Non capisco bene il senso di questa affermazione... Siamo su un aereo, nessuno dei due avrebbe potuto andare molto lontano, anche se poco fa sembrava fosse stato risucchiato da un buco nero. Non gli rispondo e lui si affretta ad ordinare qualcosa.

«Non sembra anche a te il ragazzo più triste del mondo?» Domando abbassando il tono della voce non appena il barman si volta per pescare qualche bottiglia.
«Dici che ha avuto una brutta giornata?»
«Forse vuoi dire una brutta settimana» rispondo e ci mettiamo entrambi a ridere.

«In effetti non sembra proprio felice,» dice poi il ragazzo dopo aver studiato più attentamente il barman, cosa che mi rimetto a fare anche io cercando di non dare troppo nell'occhio.
«A volte la nostra felicità sembra dipendere dagli altri, ma, se analizziamo bene la situazione, ci rendiamo conto che gli unici artefici del nostro destino siamo noi stessi.»

Mi volto a fissarlo con aria meravigliata, non è la prima volta che mi parla di destino.

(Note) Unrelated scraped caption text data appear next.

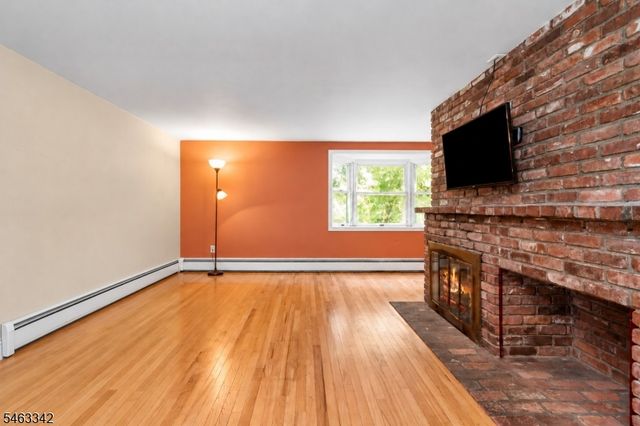 8 Fern Ave, Hamburg Boro, NJ 07419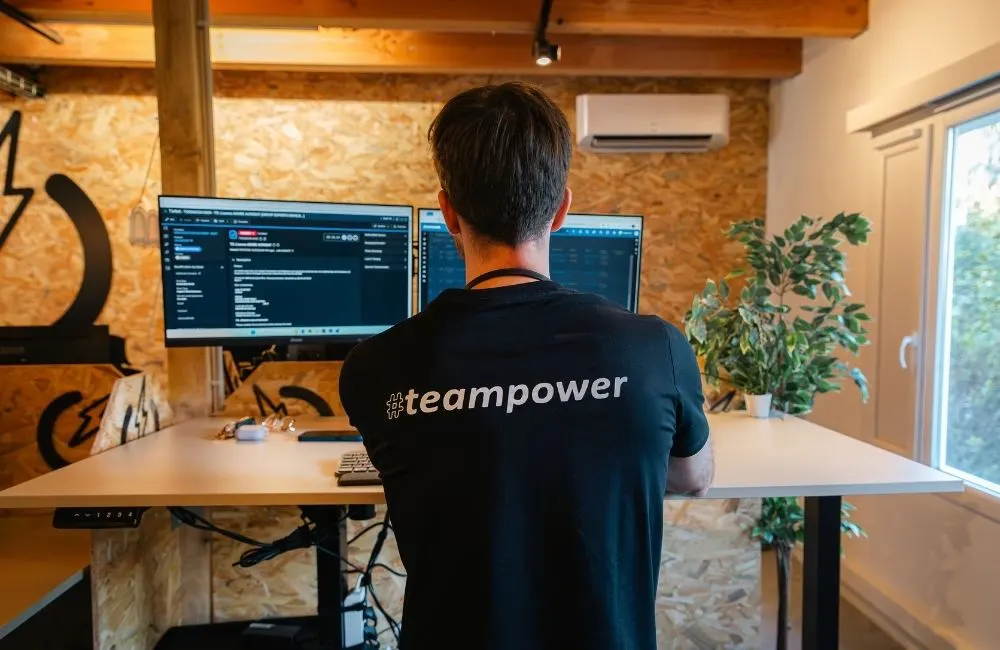 Des membres de l'équipe POWERiti au bureau, en t-shirt aux couleurs de la marque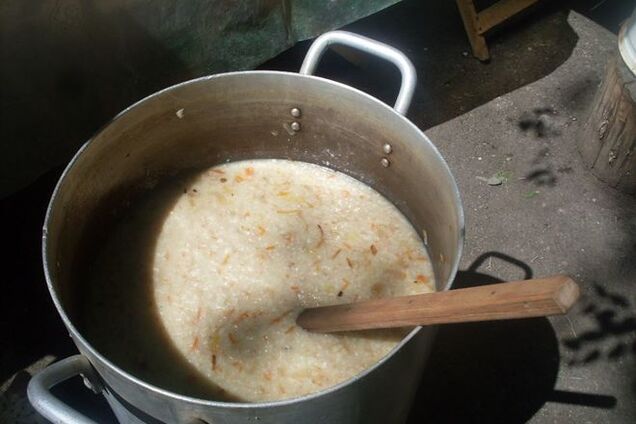 Голодающие Луганска. Очередь за бесплатной кашей не уменьшается: фотофакт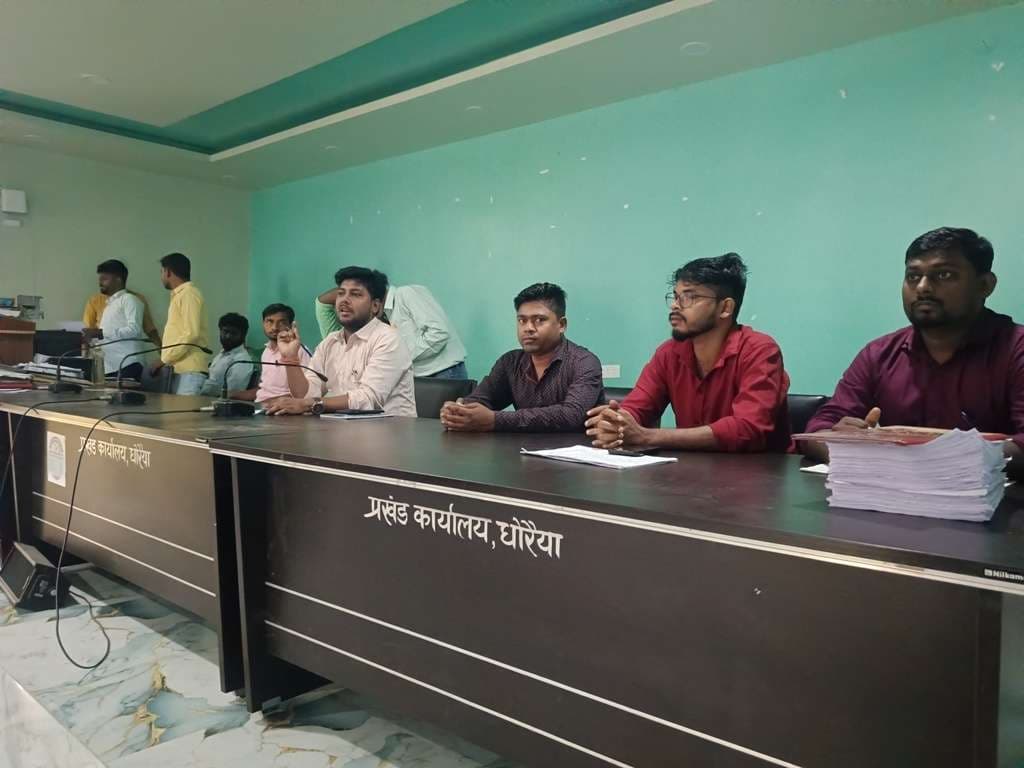 चुनाव के मद्देनजर आशा एवं आंगनबाड़ी सहायिकाओं की हुई बैठक
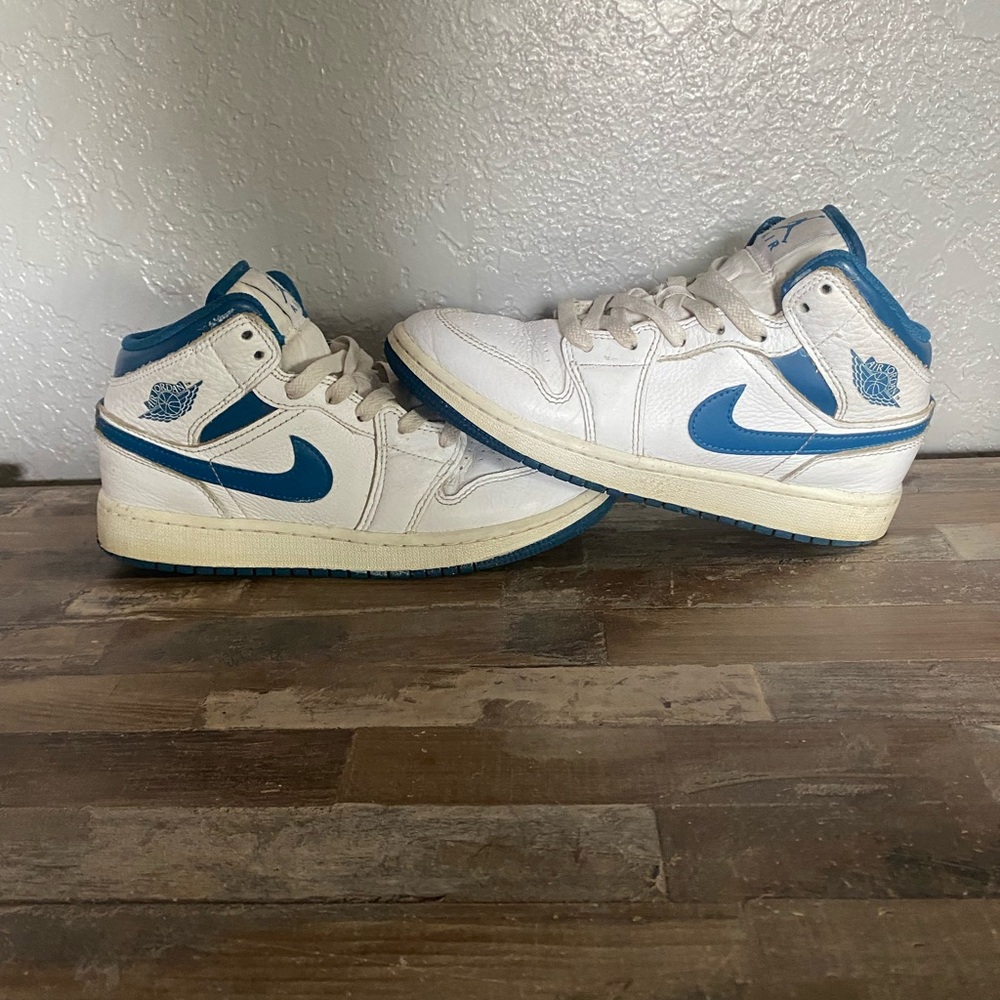 Nike White and Blue High-Top Sneakers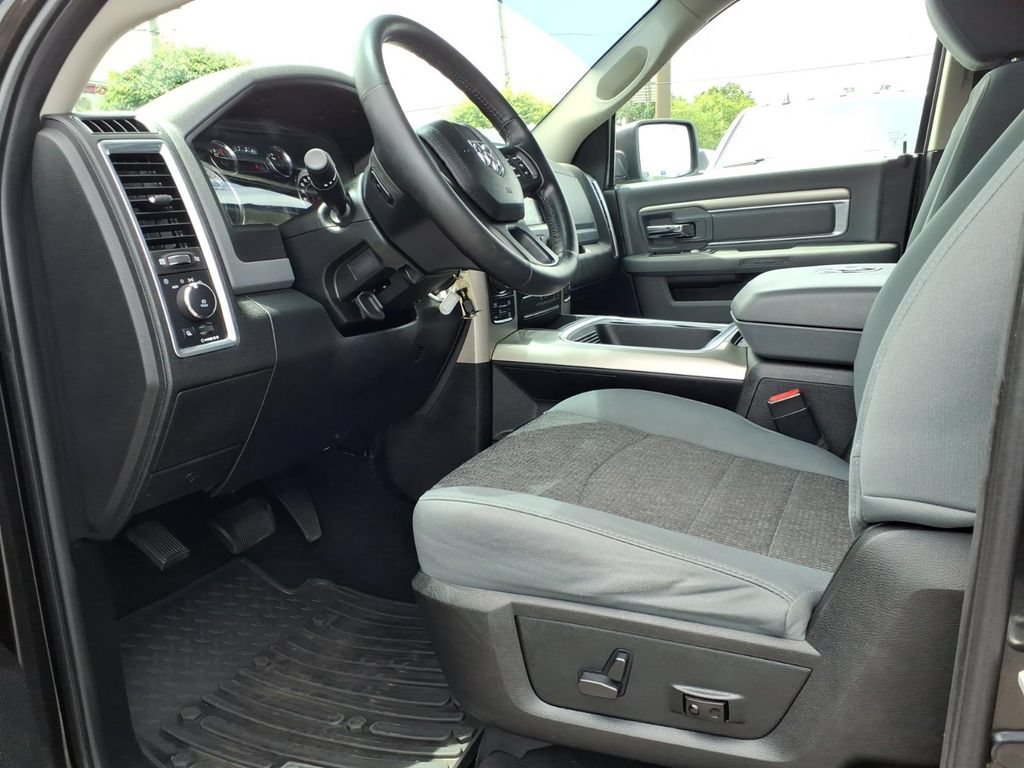 Used 2018 RAM 1500 Big Horn AWD/4WD image 12
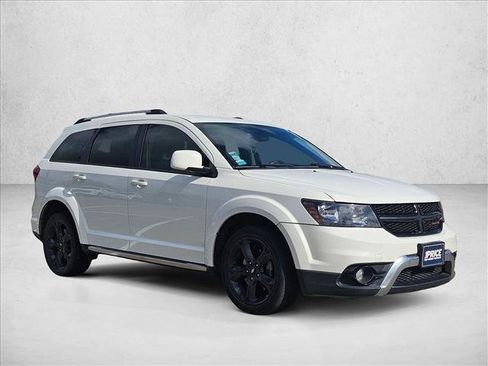 Used 2019 Dodge Journey Crossroad FWD image 3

«Non so se ci credo, te l'ho detto.»
«A cosa?»
«Al destino.»
«Pensi che tutto accada per una serie di scelte casuali?»
Muovo piano la testa e gli occhi prima da un lato e poi dall'altro, «in realtà non ho un'idea ben precisa della cosa» ammetto.
«E come spieghi tutto questo?» Dice allora lui allargando le braccia ad indicare il fatto che siamo qui seduti insieme.
L'allusione al fatto che il nostro incontro era scritto da qualche parte, come una data importante sul calendario del destino, mi fa arrossire.

Lui probabilmente deve notare il nuovo colorito che sta prendendo forma sulle mie guance, così come il sorriso che sta nascendo all'angolo della mia bocca, si avvicina allora di più col busto e mi guarda ancora più intensamente di prima.

Inizio a sorridere in modo più eloquente, non mi aspettavo che anche per lui fosse piacevole continuare a trascorrere del tempo insieme a me.

«Nessuno più di noi stessi è in grado di sapere cosa ci rende davvero felici.»
Annuisco persa nel suo sguardo.
«A volte, però, sembra che la felicità degli altri abbia più valore della nostra.»
«Io tendo a mettere la felicità degli altri prima della mia, infatti,» ammetto sentendomi chiamata in causa, anche se in effetti lui non ha alluso in alcun modo a me.
«I tuoi desideri non sono meno importanti di quelli delle altre persone.»